Apex Court has held in the case of Tata Locomotive and Engineering Co. Ltd. [1966 (1) TMI 24 - SUPREME COURT] that the forex gain on money accumulated to purchase capital asset being the first step for acquisition of capital asset is capital in nature and cannot be taxed. The assessee made advance payments through Letter of Credit is the first step for acquisition of capital asset because there was a direct link of LOC towards purchase of the fixed assets, therefore it will be treated as capital in nature. Section 43(1) has defined the actual cost of the assets.

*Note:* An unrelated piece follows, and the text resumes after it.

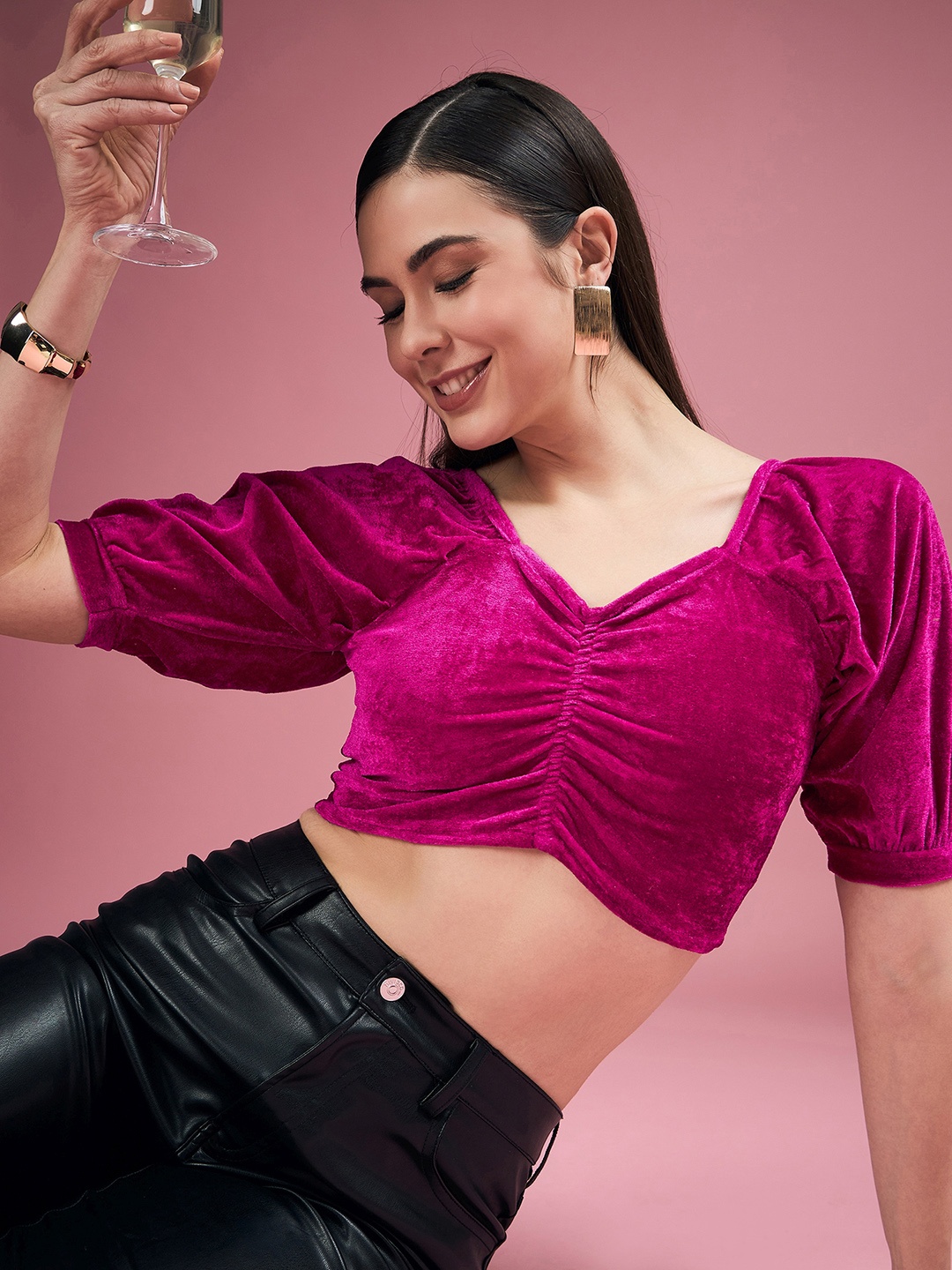

DressBerry Magenta V-Neck Ruched Puff Sleeves Crop Velvet Top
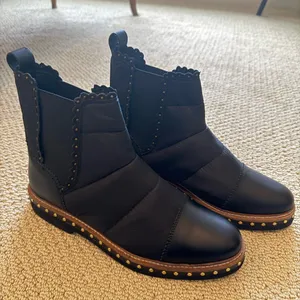 Free People NWT Atlas Puffer Chelsea Boots, Leather, Pull On, Size 40/9.5, Black thumbnail 5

Therefore the actual loss suffered by the assessee cannot be charged to the profit and loss account. CIT(A) has rightly decided the issue in favour of the revenue. However, the AO is directed to give benefit of depreciation as per section 32 of the IT Act in the current year as well as in following years if there is effect on the following years. This issue is partly allowed for statistical purposes.
Addition u/s 14A r.w.r. 8D - As argued Only the investments yielding non-taxable income have to be considered and not all investments - HELD THAT:- CIT(A) has dealt with this issue in detail however he has not considered the issue completely as per Rule 8D(2)(iii). The disallowance should be calculated as per Rule 8D(2)(iii) considering only the investments in which the assessee has received exempt income.
In similar issue in the assessee’s own case for the AY 2014-15 [2023 (9) TMI 108 - ITAT BANGALORE] wherein held that while calculating disallowance under section 14A of the Act, only investment that have generated exempt income should be taken into consideration. This issue is allowed for statistical purposes.